§ **EXERCISE PROMPT**:
No line before the one holding "kim ốc tàng kiều chapter 50 49" is to be copied; that line and all after it, through the end of the listing, are returned exactly, minus pictures.
··········
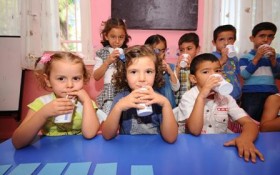 Sağlık Bankanlığı okullara süt dağıtmayacak 1 okul sutu iptali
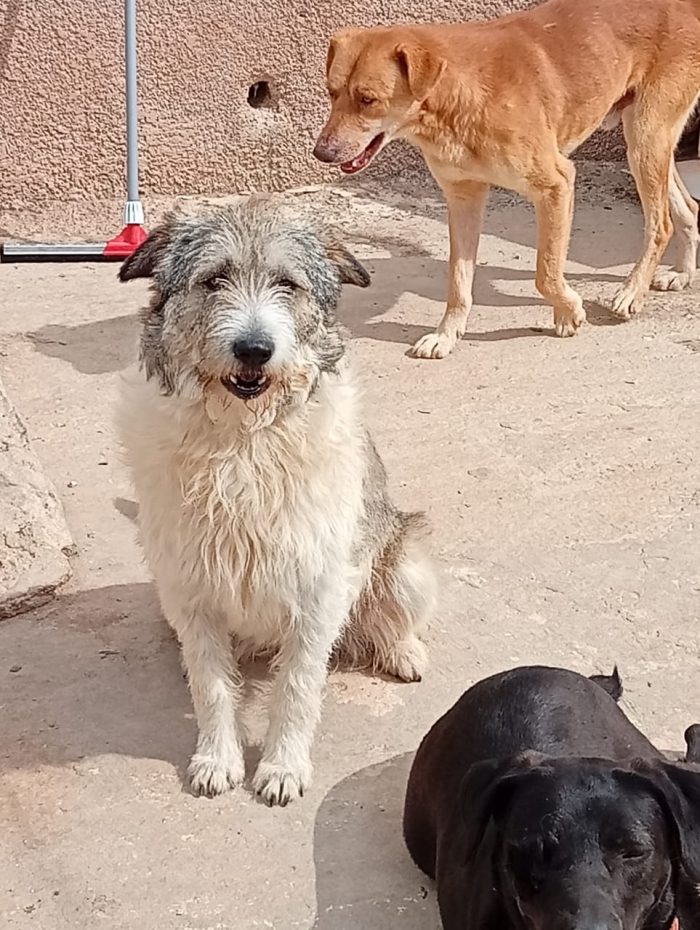 Blue, splendida ed equilibrata simil Terrier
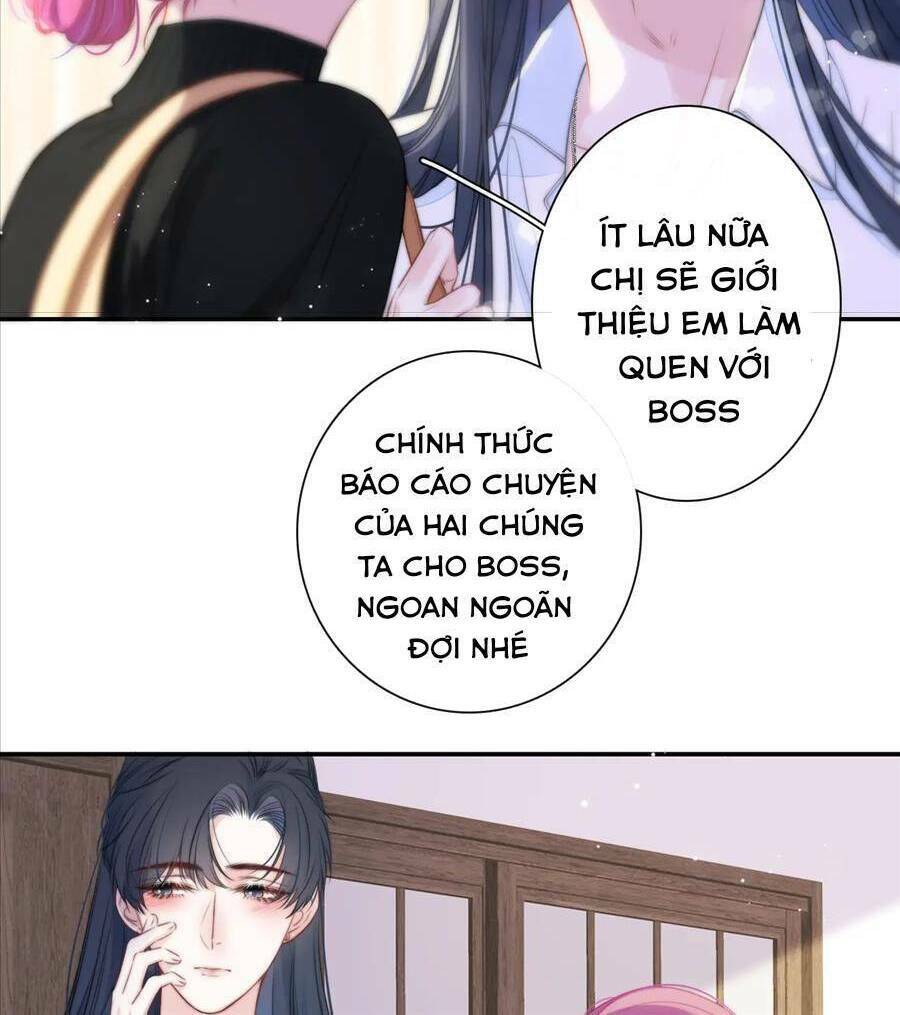 kim ốc tàng kiều chapter 50 49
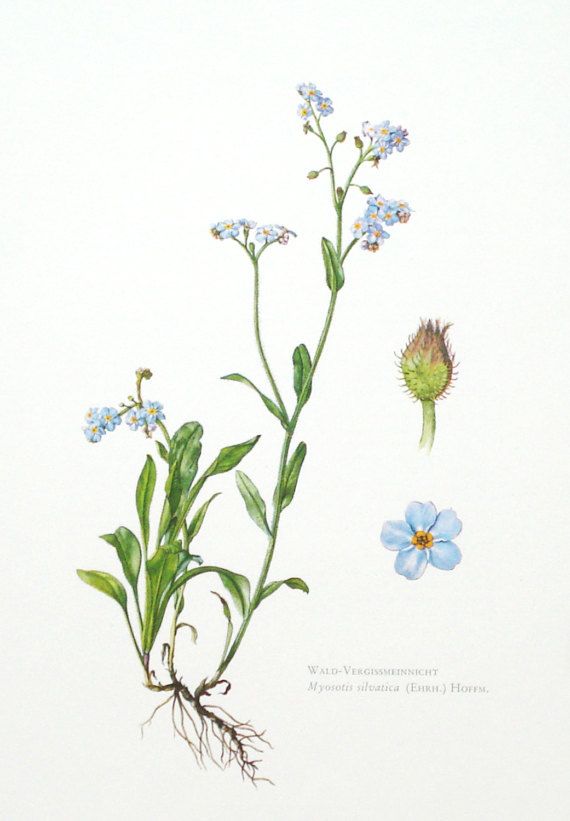 Vergeet-me-nietje maandbloem van September. Botanische tekening. Blog over geboortebloemen sieraden. Oogst Goudsmeden in Amsterdam.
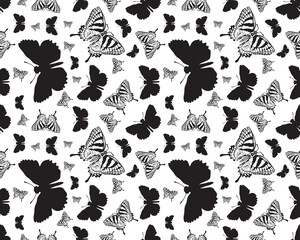 Seamless pattern with black silhouettes of butterflies on on a white background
··········
§ **EXPECTED ANSWER**:
 kim ốc tàng kiều chapter 50 49
 Vergeet-me-nietje maandbloem van September. Botanische tekening. Blog over geboortebloemen sieraden. Oogst Goudsmeden in Amsterdam.
 Seamless pattern with black silhouettes of butterflies on on a white background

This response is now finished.